Estilo de apego inseguro
As filhas de mãe narcisistas apresentam um estilo de apego ou vínculo inseguro no contexto relacional, ou seja, nutrem um profundo medo de confiar nas outras pessoas e serem abusadas e rejeitadas novamente. Esta inclinação, por mais que seja automática e inconsciente, cria imensas barreiras à intimidade, à saúde de sua vida sexual e ao sucesso de relacionamentos, em especial os amorosos. Quem não se sente segura também dentro da própria pele nem possui as ferramentas saudáveis para lidar com a inadequação, acaba se distanciando das emoções e do próprio corpo como uma medida (falha) de “regulação emocional”. Quando você negligencia o corpo e as emoções, a sua autoestima vai para o fundo do poço. Nestes contextos, você se esquiva de ter relações e concentra-se exclusivamente nas necessidades do(a) parceiro(a), o que reduz ainda mais a sua satisfação sexual não somente a curto, mas também a longo prazo.
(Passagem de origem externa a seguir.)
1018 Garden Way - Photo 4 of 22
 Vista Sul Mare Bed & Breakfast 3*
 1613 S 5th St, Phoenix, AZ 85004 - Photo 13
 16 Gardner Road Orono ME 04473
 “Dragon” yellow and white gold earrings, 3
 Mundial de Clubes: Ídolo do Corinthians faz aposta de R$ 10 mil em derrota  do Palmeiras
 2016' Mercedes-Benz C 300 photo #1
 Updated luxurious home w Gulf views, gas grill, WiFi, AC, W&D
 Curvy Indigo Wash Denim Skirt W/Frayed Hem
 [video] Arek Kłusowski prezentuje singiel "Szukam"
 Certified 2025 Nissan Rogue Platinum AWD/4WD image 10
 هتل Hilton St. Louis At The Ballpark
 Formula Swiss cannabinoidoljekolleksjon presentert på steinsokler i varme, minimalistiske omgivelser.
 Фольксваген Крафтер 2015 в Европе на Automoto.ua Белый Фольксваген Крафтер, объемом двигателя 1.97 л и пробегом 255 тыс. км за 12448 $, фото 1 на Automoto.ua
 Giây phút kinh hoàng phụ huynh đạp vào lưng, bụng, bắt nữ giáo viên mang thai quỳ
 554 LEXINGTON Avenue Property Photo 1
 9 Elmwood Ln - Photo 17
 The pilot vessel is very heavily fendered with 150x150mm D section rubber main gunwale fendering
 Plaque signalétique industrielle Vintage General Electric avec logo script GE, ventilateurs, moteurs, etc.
A conexão entre o trauma, os problemas de equilíbrio emocional e a insatisfação sexual faz-se clara quando analisamos os efeitos no cérebro e corpo da vítima de forma holística. Se você está insatisfeita com a sua capacidade de regular as emoções e a qualidade da sua vida sexual, é vital que invista tempo e energia para curar as feridas do seu trauma e aprenda a controlar o estresse ativamente, já que nunca é tarde para se dedicar a medidas de melhoramento de qualidade de vida e dos relacionamentos.
Referências
Harris J.M., Cherkas L.F., Kato B.S., Heiman J.R. & Spector T.D. (2008). Normal variations in personality are associated with coital orgasmic infrequency in heterosexual women: A population-based study. Journal of Sexual Medicine, 5, 1177–1183.
Barlow, D. H., Wiegel, M. & Scepkowski, L. A. (2002). Cognitive-Affective Processes in Sexual Arousal and Sexual Dysfunction. Boston, MA: Markus and Boston University.